§ What to produce
Wherever an image appears in the data, omit it and copy all the remaining text word for word.

§ Given material
^^^^^^^^

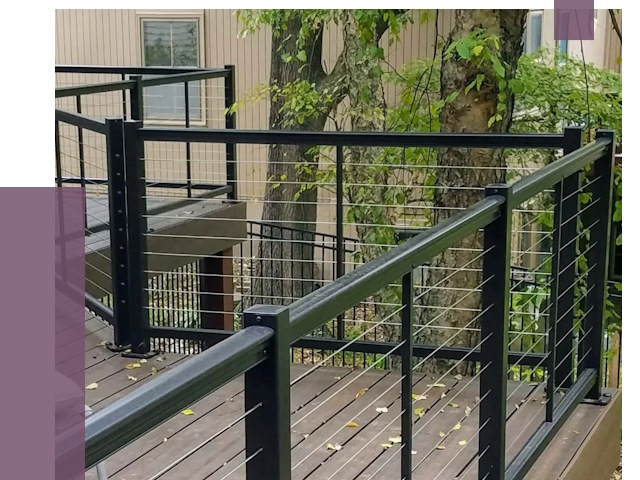 Уличные перила в Глазове от 6938 руб. — монтаж и изготовление | ПРОЛЁТ-Глз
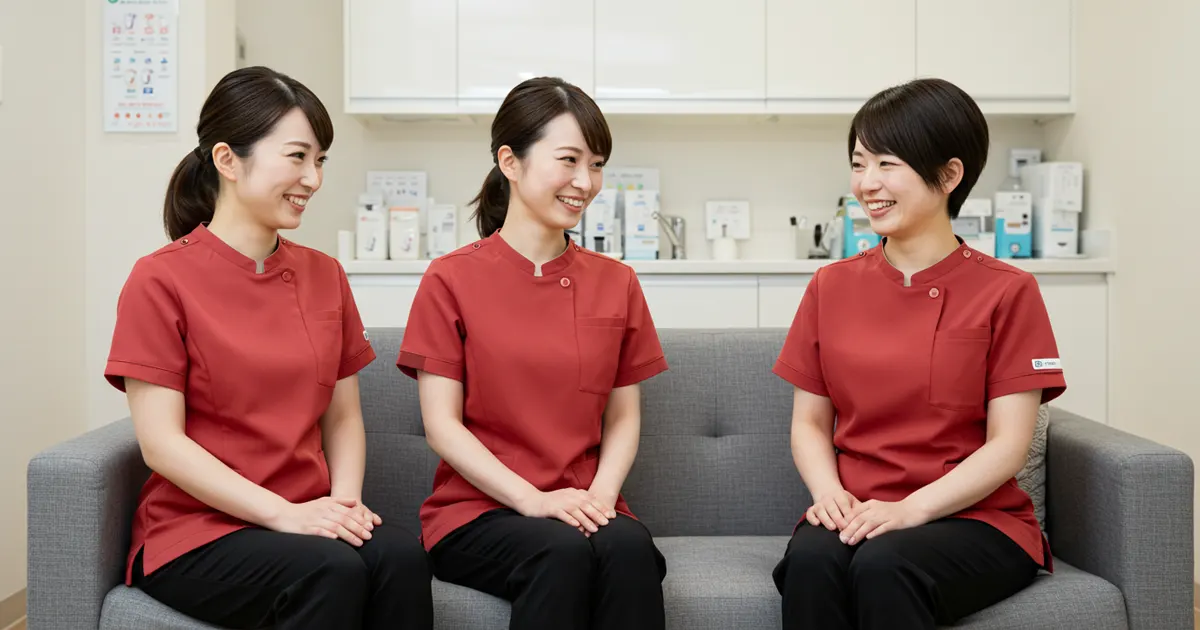 歯科衛生士の休憩時間の過ごし方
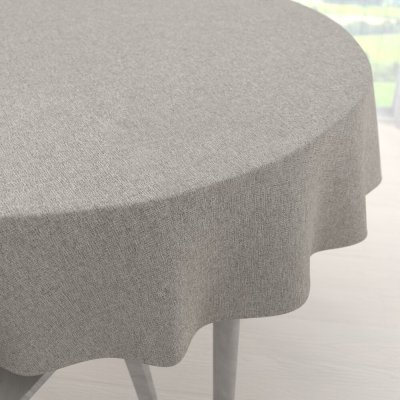 Biante kulatý ubrus BKT-552 Přírodní režná Ø 120 cm – Sleviste.cz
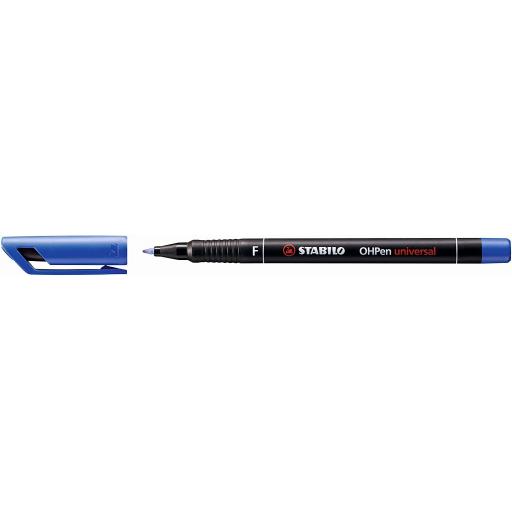 Stabilo OH Pen Permanent, Fine - Blue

^^^^^^^^

§ Written response
 Уличные перила в Глазове от 6938 руб. — монтаж и изготовление | ПРОЛЁТ-Глз
 歯科衛生士の休憩時間の過ごし方
 Biante kulatý ubrus BKT-552 Přírodní režná Ø 120 cm – Sleviste.cz
 Stabilo OH Pen Permanent, Fine - Blue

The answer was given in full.